Brasenose listed in eBay auction prank
That’s your lot: the auction was stopped when bidding reached £10m
IT'S OVER five centuries old, home to a glittering ensemble of alumni from William Golding to Michael Palin, and a magnet for hordes of tourists that flock to the historic college each year. And last Saturday night it became available for six pounds on eBay. Students and college authorities at Brasenose College, founded in 1509, were surprised to discover that the distinguished institution had been put up for auction on the online trading website this week.
The item provoked a flurry of bids that eventually reached over £10 million before the auction was shut down by eBay at the request of University proctors. Internet surfers looking for a bargain were enticed by a package that promised a sundial, the college boat club, Brasenose's infamous unicorn penis and all 510 students – described as “generally in quite a worn condition, though a few star buys”.
The seller – David Green, a Lincoln student whose “drunken prank” has landed him in hot water with the University authorities – explained that the rival college was built on Lincoln land and needed to make way for a new Lincoln bar and sauna complex. “I have been led to understand that their lease is £1 per year”, Green told The Oxford Student. “They are our old rivals, and light-hearted pranks are a part of that relationship.
Brasenose was described on eBay as “surplus to requirements” and “going cheap” in the ‘used collectibles' section of the website. The scale of the multi-million pound bidding war shocked observers at both Lincoln and Brasenose – not least Green himself, who planned to mail-order the college to the winning bidder: “I didn't expect to raise much; quite frankly, I wouldn't pay more than about a tenner for the whole lot.
“Let's face it, when it's been moved and they can't pretend the Rad Cam is part of the college anymore it's not going to be much use other than as a slightly garish drinks cabinet for an eccentric billionaire somewhere.” Despite bidding escalating into the millions within hours of the item appearing on the site, Brasenose authorities appeared unconcerned at the imminent removal of their college from the Oxford landscape.
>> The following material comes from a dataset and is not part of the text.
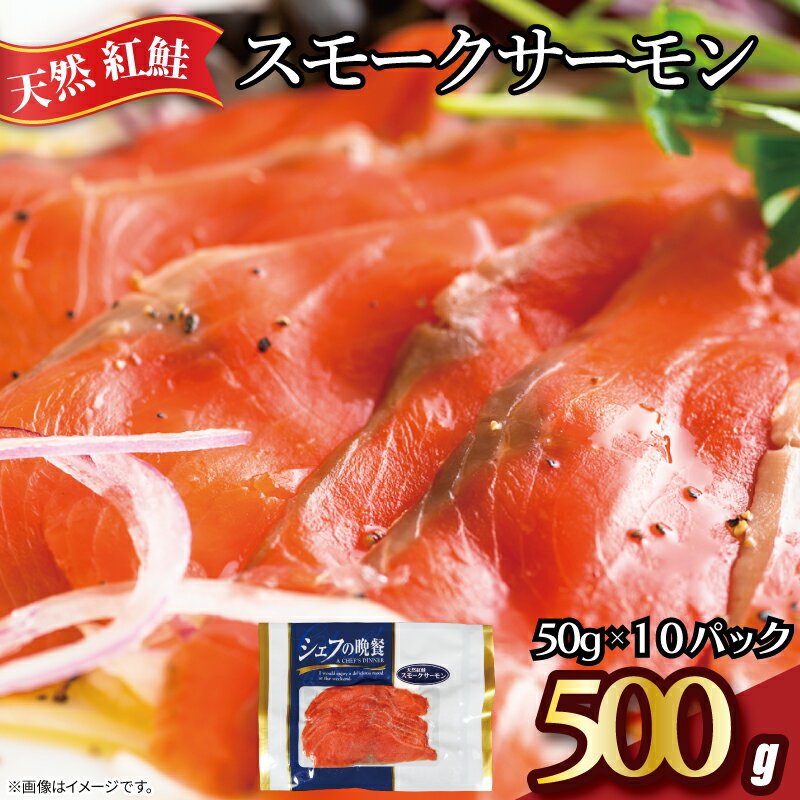 【ふるさと納税】 紅鮭 スモークサーモン 500g 50g×10パック 使い切り 食べきり カット スライス サーモン 鮭 さけ 燻製 無添加 冷凍 真空 個包装 真空パック 切身 お取り寄せ グルメ 魚 大容量 ギフト 贈り物 海の幸 ふるさと納税さけ 送料無料 千葉県 銚子市 松岡水産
Brasenose bursar John Knowland said: “This sort of light-hearted activity is a tribute to the ingenuity of Oxford students and to their ability to give us all a bit of fun.” However, university proctors failed to see the funny side of what would have been one of eBay's largest ever transactions. They informed the company the item was being advertised fraudulently and Brasenose College was consequently removed from the site.
Green has been fined £50 by Lincoln for bringing the college into disrepute and has been ordered to write a personal letter of apology to the Brasenose Provost. He will also appear in Brasenose at 4pm today to make a personal apology The suspended auction, in which Brasenose was recommended as “a fine complement to any suburban home or garden”, joins a long list of remarkable items that eBay has stepped in to remove from its website once the company realised it was being conned.
Early last year bids for the entire American state of West Virginia reached $100 million before eBay deemed the sale illegal. And last Easter a Bavarian couple were investigated by police for human trafficking after putting up their own daughter for sale on the website. Reflecting on the demise of his own auction, Green took a conciliatory tone: “Lincoln is a cramped little college and we really could have done with the extra space that the Brasenose land would have given us.
But I guess we'll just have to live with our neighbours for now.”